# Violin Self-Pity Piece?



## Margaret

In old movies when someone felt sorry for themselves this violin piece would play. I figured it for Italian but that might have had more to do with the surroundings as I recall someone sitting at a table in an Italian restaurant feeling sorry for themselves and this guy would come up behind him playing this piece on the violin. It became such a standard that after a while they didn't even need the violin & music, someone would play an air violin, even with just their fingers as they would say "I'm playing the world's smallest violin for you" to evoke it. Now the phrase "playing the violin" has entered the popular vernacular to indicate self-pity & lack of sympathy with it that's how much a part of the culture those old movie scenes have become.

My question is does anyone remember what piece was played on the violin for those self-pity scenes?

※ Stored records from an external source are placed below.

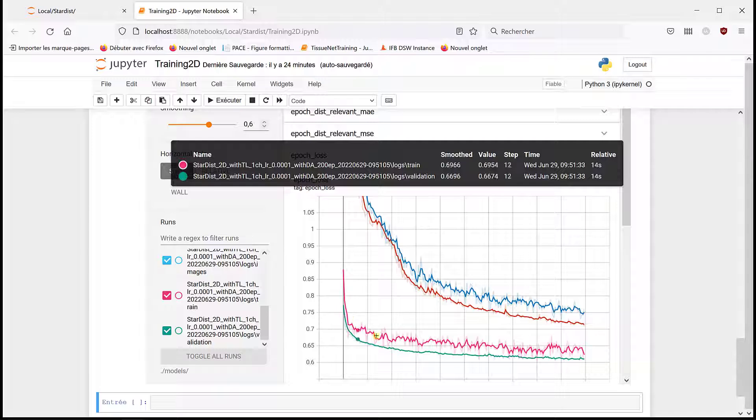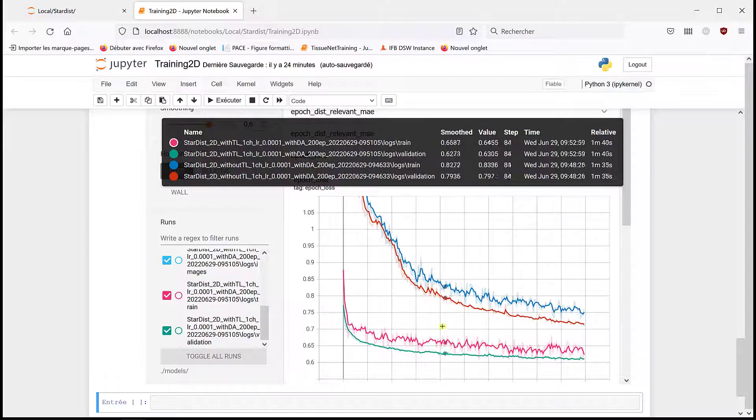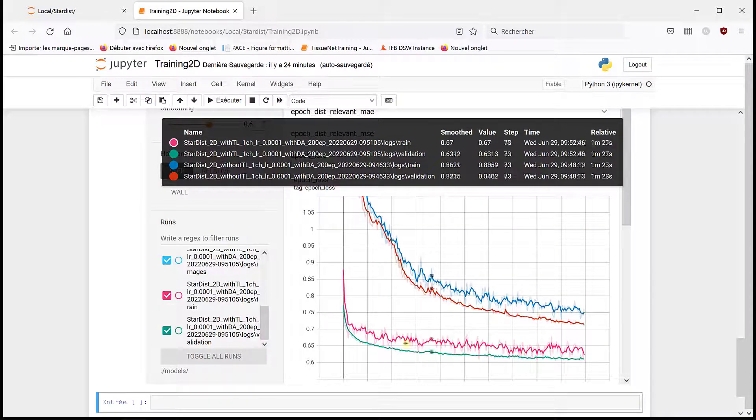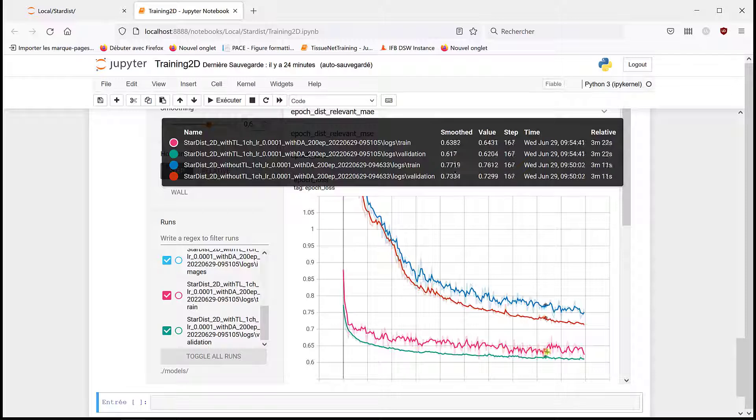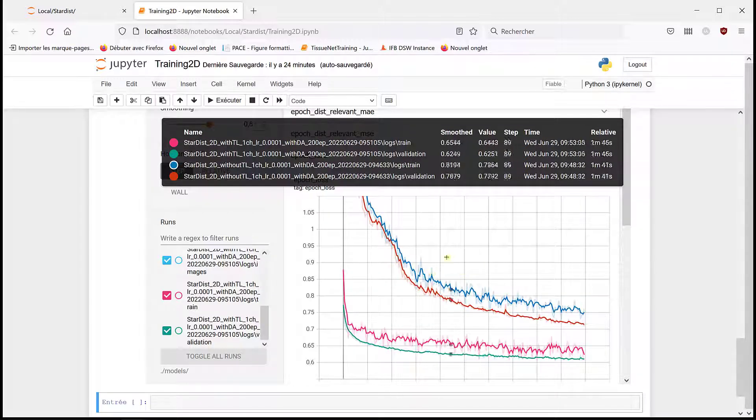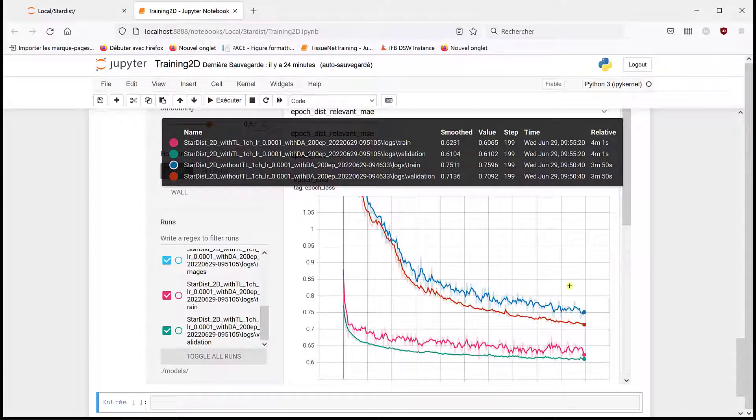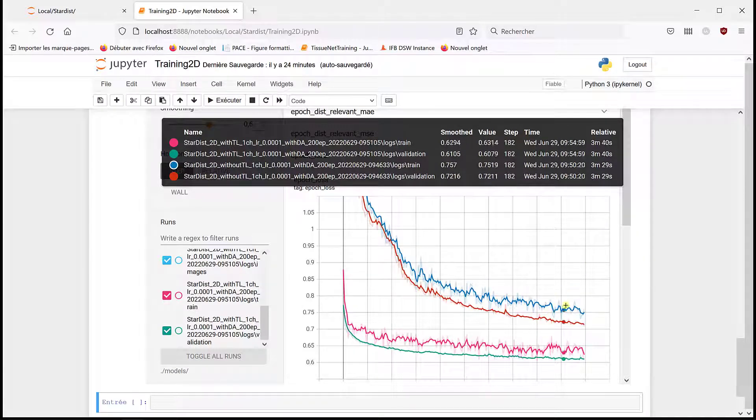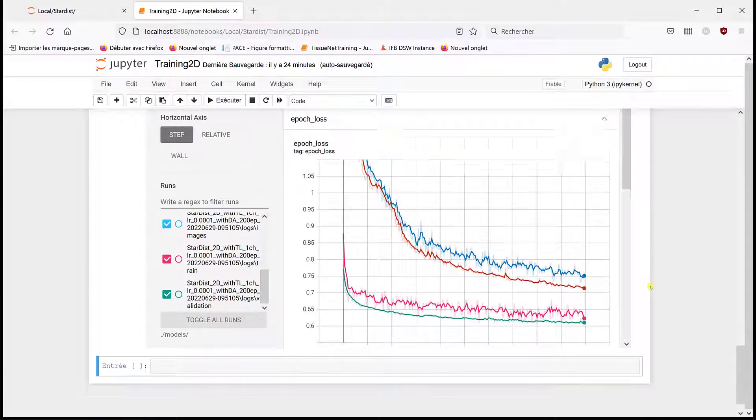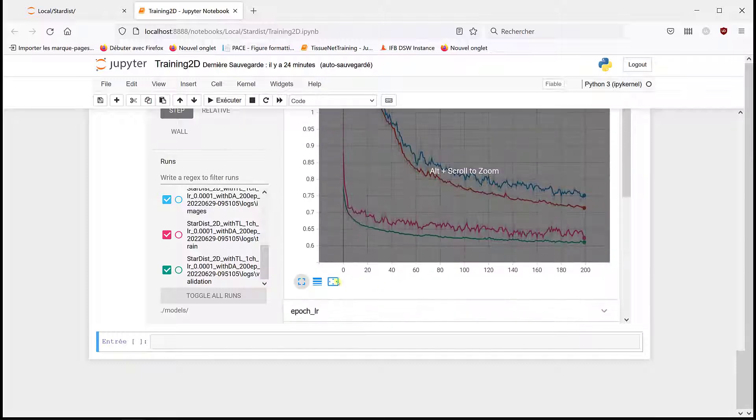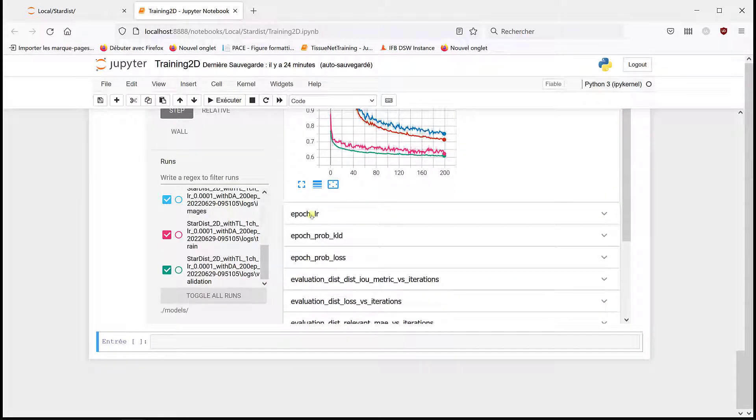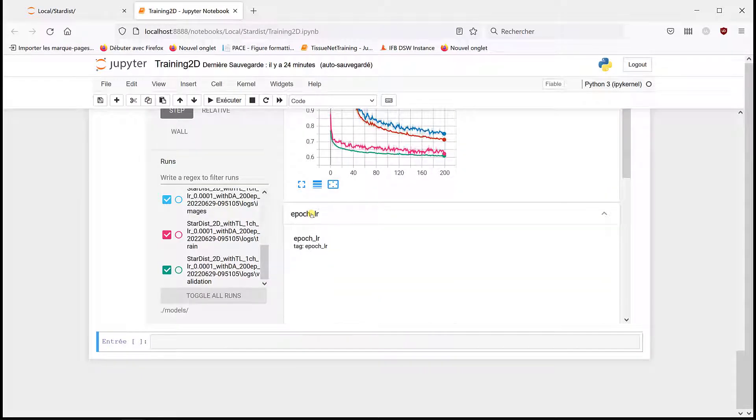Then it seems that we reached some kind of plateau pretty quickly, but it's still decreasing, so maybe we could still improve. It's still decreasing without transfer learning, so probably to have more epochs would help.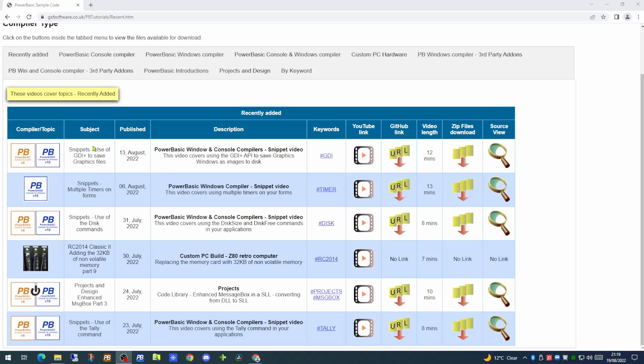This is followed by the subject and the date on which the video was published, a short description and a series of keywords.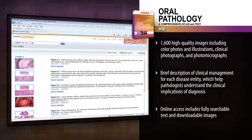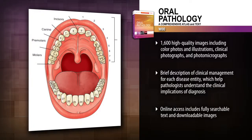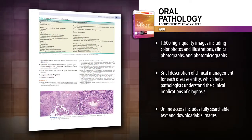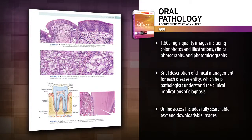Access the fully searchable text and download images online at Expert Consult. Board certified in both oral pathology and oral medicine, Dr. Sook Bin Woo draws on her extensive clinical experience to help you achieve optimal diagnostic certainty.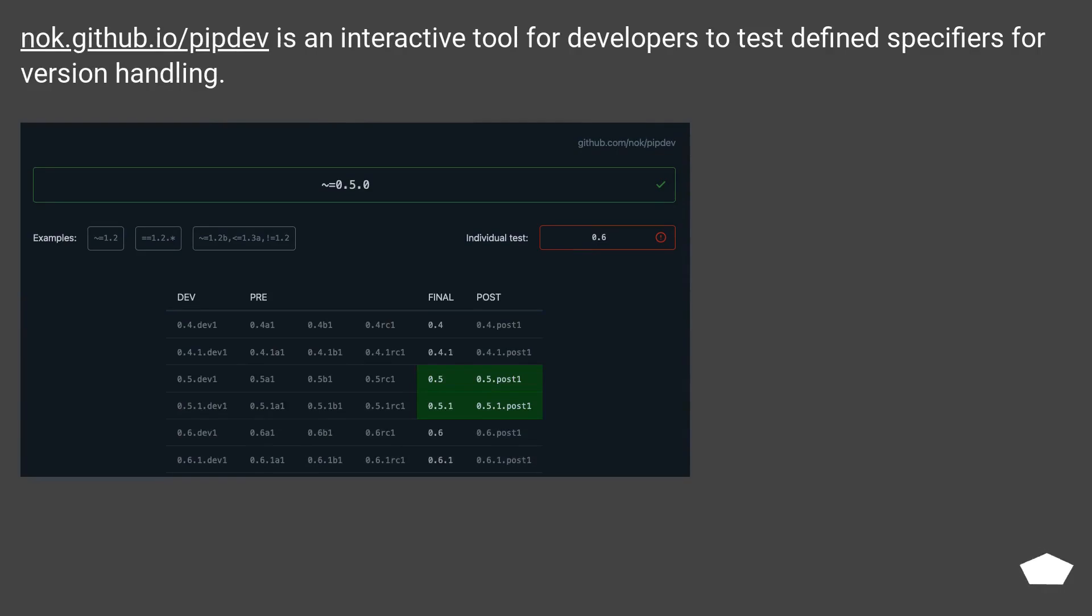noc.github.io/pipedev is an interactive tool for developers to test defined specifiers for version handling.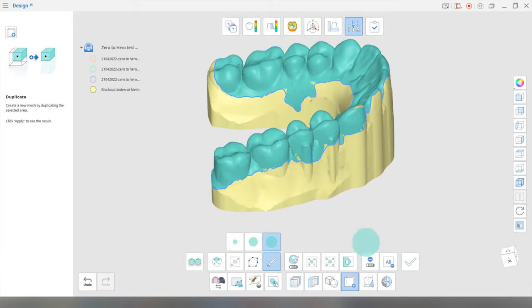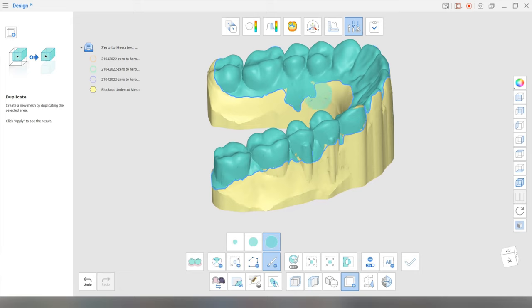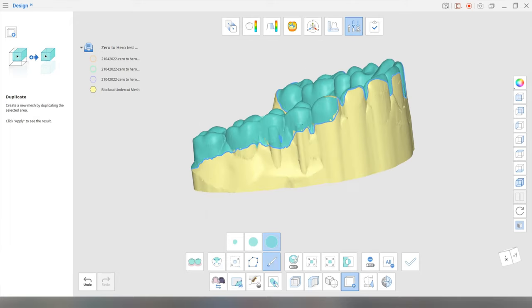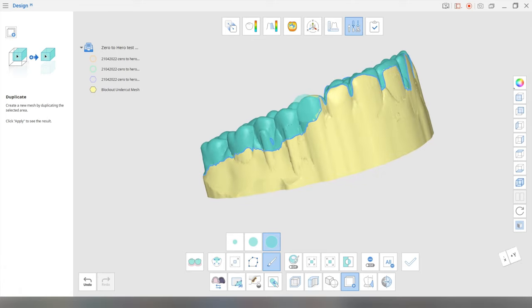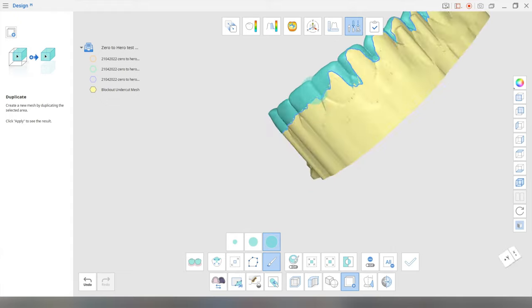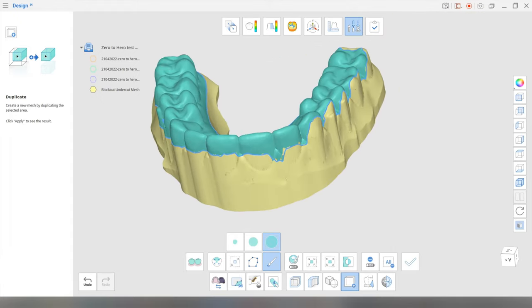To correct this, you basically go to this deselection mode and you paint it off. Okay. And then back on. So we're back in business. We're just going to paint what we want to include on our splint just to form that rough outline of your splint.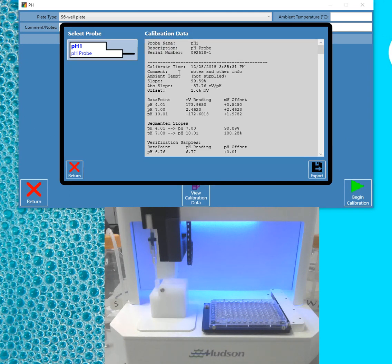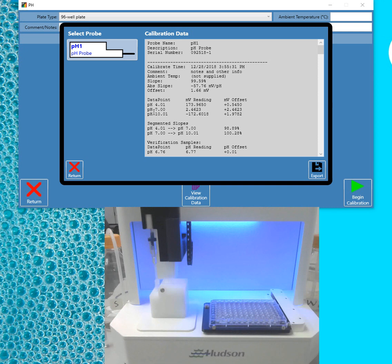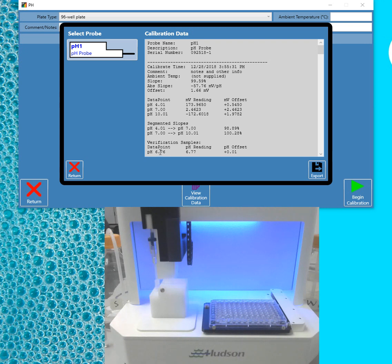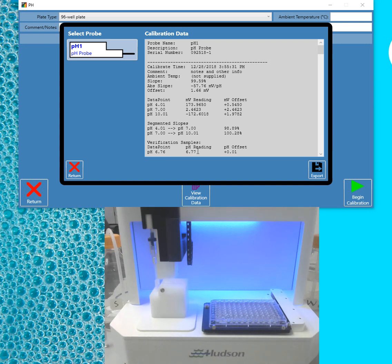So here you can see the information, including the note that I just typed in for the comment. You can see your data points. You can see the millivolt readings and the offsets for each point. Then you see your segmented slope from 4 to 7, then 7 to 10. And then you can see the verification sample, which was a 6.76, and our reading was a 6.77.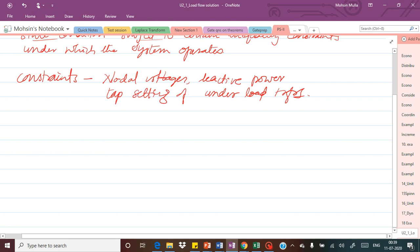Under these constraints, whatever network is being operated, solving that network means: in a particular network we know certain quantities and we need to determine some other quantities. For example, if the total generated voltage at the sending end is known and we want to determine the voltage at the receiving end and the overall power transmitted. Basically there will be four different quantities in the system: real power, reactive power, voltage magnitude, and the phase angle of the voltage.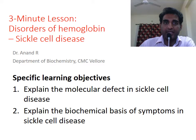Hi, welcome to the 3 minute lesson on sickle cell disease. At the end, you should be able to explain the defect and biochemical basis of symptoms in sickle cell disease.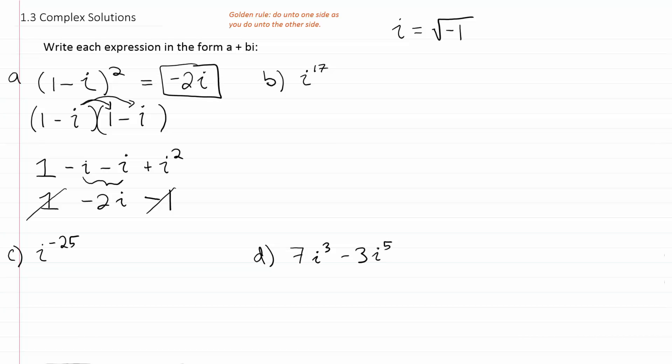Let's look at example B: we have i to the 17th power. They want us to think about the pattern of exponents on i and figure out the result for something larger like i to the 17th. We know that i to the first power is equal to just the square root of negative 1.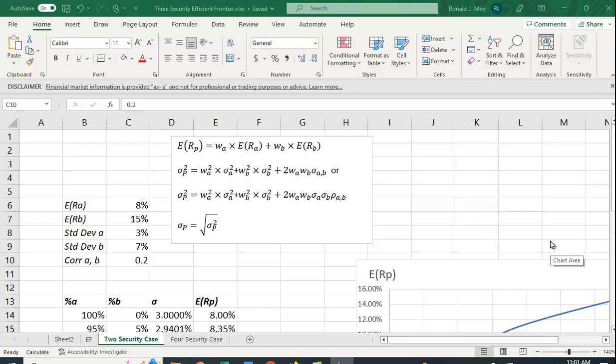I want to show you how you can plot the risk-return trade-off, that is the expected return and standard deviation for a portfolio that consists of three or more securities. Before I do the three or more security case, let me quickly recap the two security case.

Or alternatively, does anyone recall a specific movie where the "violin playing self-pity piece" actually played?


----------



## handlebar

I remember a film where "Poeme" by Chausson was played when a man cried in his soup.
Cannot recall the name of the film but it was a black and white film from the 50's.

Jim


----------



## PostMinimalist

The music is called Hearts and Flowers.
It has its own Wiki page!
http://en.wikipedia.org/wiki/Hearts_and_Flowers


----------



## Margaret

*"Hearts and Flowers" that's it, thank you!* 

I found the clip on youtube and could recognize it when I heard it.





(That's an interesting youtube video. He's playing a record that I think must have been made for a _*Victrola*_ because it's from *1908*.  He must be using a special record player because that spins faster than 33 1/3 or 45rpm. I assume it's a 78; that's the fastest I've ever seen on a record player.)

I was looking for a piece and thought it might be what I know now is "Hearts and Flowers" because it was played to someone feeling really sorry for herself and it reminded me of it. So I figured it was that standard violin piece, but I couldn't remember song's melody.

The start of the clip (it's only 16 seconds) matches "Hearts and Flowers" at 25 seconds on that youtube clip, but it's different after that.
http://www.houndbite.com/?houndbite=10191

The piece is so short that I can't tell if it's supposed to be a different song (though those matching notes and the identical context would be some coincidence if it's a different song entirely) or if it's just supposed to be a different arrangement of "Hearts and Flowers."

What do you all think: same song with different arrangement or entirely different song?


----------



## PostMinimalist

You're welcome!
FC


----------